The generic commands are (X must be replaced by the name of the trick) :

  learn X

The pet switches in learning mode, the owner can inform the pet he is going to show it the trick :

  I will X

Then the owner has to perform the trick, once performed it must inform the pet that this is the end of the trick :

  done X

Then the owner has to wait a bit to let the pet discover what program is hidden behind the exemplar that has just been given by the owner. At any moment the owner can decide to ask the pet to make an attempt of reproducing the trick by the following command :

  try X

The pet is going to perform the trick, if after a dozen of seconds it does not (maybe it is doing something more important to itself like eating) the owner can reformulate try command as many times as it takes to make the pet try the trick. After the pet has tried the owner can reward the pet positively :

  good boy

or negatively

  bad boy

At this point if the owner is satisfied by the result he can stop learning with the stop learning command :

  stop learning X

And he can later recall the trick learned while in playing mode by issuing the command :

  do X

Or if not satisfied he can either wait a bit more (maybe with more computation the pet is gonna reach the right program) or he can produce another exemplar (some tricks can only be learned by showing several exemplars, like for instance tricks involving conditions on the context of the execution of the trick, there are called contextual tricks).
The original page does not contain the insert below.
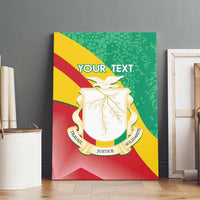 Personalised Guinea Independence Day Canvas Wall Art Happy 2 October Guinee Coat Of Arms - Wonder Print Shop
To show another exemplar the owner just needs to type again :

  I will X

Show the other exemplar

  done X

just like for the first exemplar. He can repeat that as many times as he wishes to show many exemplars of the trick.

Examples

Going to sit near the bone

  learn sit_near_bone
  I will sit_near_bone

The owner must go to the bone and then sit (by type the command /sit)

  done sit_near_bone

Then wait for a few seconds (on a modern computer)

  try sit_near_bone

The pet is eating and does not reproduce the trick, so let's ask it again :

  try sit_near_bone

The pet goes to the bone but does not sit, we can inform it that it is not the right trick :

  bad boy

And wait a bit more...then after a few seconds we ask it to try again :

  try sit_near_bone

(Note that if when asking the pet is near the bone it's better to grab the bone and move it away to be sure the pet has caught on the right trick). The pet goes to the bone and sit we must reward it :

  good boy

Then we stop learning :

  stop learning sit_near_bone

Contextual trick, sit if bone is near ball, bark if bone is not near ball

First of all before starting learning grab the bone move it near the ball.

  learn context_trick
  I will context_trick

Enter the sit command /sit

  done context_trick

Then take grab the bone and move it away from the ball, then type :

  I will context_trick

Enter the bark command /bark

  done context_trick

Then let the pet think a bit about what he's just seen... Note that we have entered 2 exemplars contiguously without asking the pet to try the first exemplar.

  try context_trick

The pet should bark because the bone is away from the ball. The problem here is that it is not possible to ask the pet to retry the same trick (we would want to do that to check that it sit when the ball is near the bone), if the owner retype =try context_trick= the learningServer is gonna send a new trick as it interpret that retry by the fact that the owner is not happy with the current proposition and wants another one. We fix this problem later by adding another command like retry or applying a different control strategy that makes sense to the user.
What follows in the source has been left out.